Description: This picture book biography tells the true story of Emmanuel Ofosu Yeboah, who bicycled across Ghana--nearly 400 miles--with only one leg. With that achievement he forever changed how his country treats people with disabilities, and he shows us all that one person is enough to change the world.

Review: Emmanuel's Dream is an inspirational picture book biography of Emmanuel Ofosu Yeboah, was born in rural Ghana in 1977 with only one functional leg and who grew up to become a national hero and disabilities activist. Readers learn of Emmanuel's challenges and achievements, both large and small. His mother had to carry him in order to attend school and once he became to heavy, he had to hop to and from school. In order to make friends, Emmanuel had to save money in order to buy a soccer ball and made a condition that others could play with the ball so long as he could play too while using crutches. He also learned how to ride a bike, which brought him national attention. As a young man, he embarked on an astounding 400-mile bicycle ride through Ghana, raising awareness and spreading his message that "being disabled does not mean being unable."
  The text is simple, well paced, and clearly written. Qualls's mixed-media art are quite nice and matches its upbeat tone.

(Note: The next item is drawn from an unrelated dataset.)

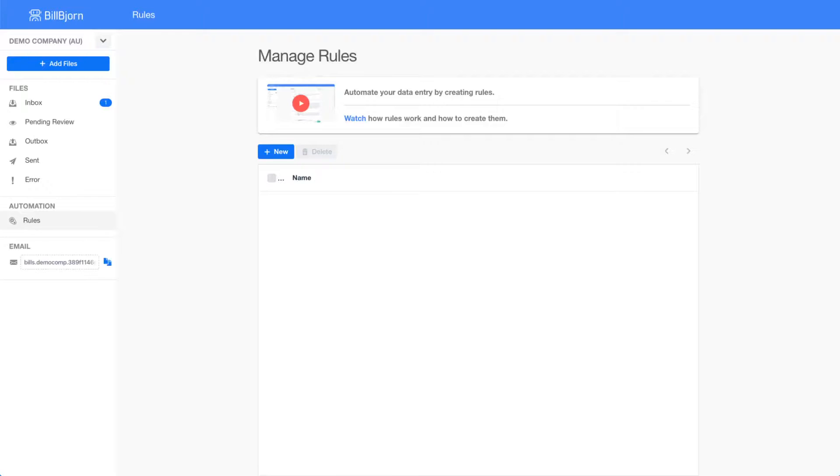Welcome to the BillBjorn rules tutorial. Today, I am going to show you how to set up and configure rules for repeating invoices and receipts.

Soft blues and greens, bright oranges, and hot pinks are set against light-pastel painted backgrounds, effectively conveying mood and emotion. This story is sure to inspire many young readers and remind us that disabilities does not equate with restrictions.

Rating: 4 stars

Words of Caution: None. Recommended for Grades K-3.

If you like this book try: A Boy and a Jaguar by Alan Rabinowitz and My Story, My Dance by Lesa Cline-Ransome
2 Responses
  1. Both of these books sound good for different reasons. The Ghana story is inspirational and will connect with many children who are differently abled. And I find the underground story fascinating.

  2. Thank you for taking the time to review Emmanuel’s Dream, Rummanah. I’m glad you enjoyed it!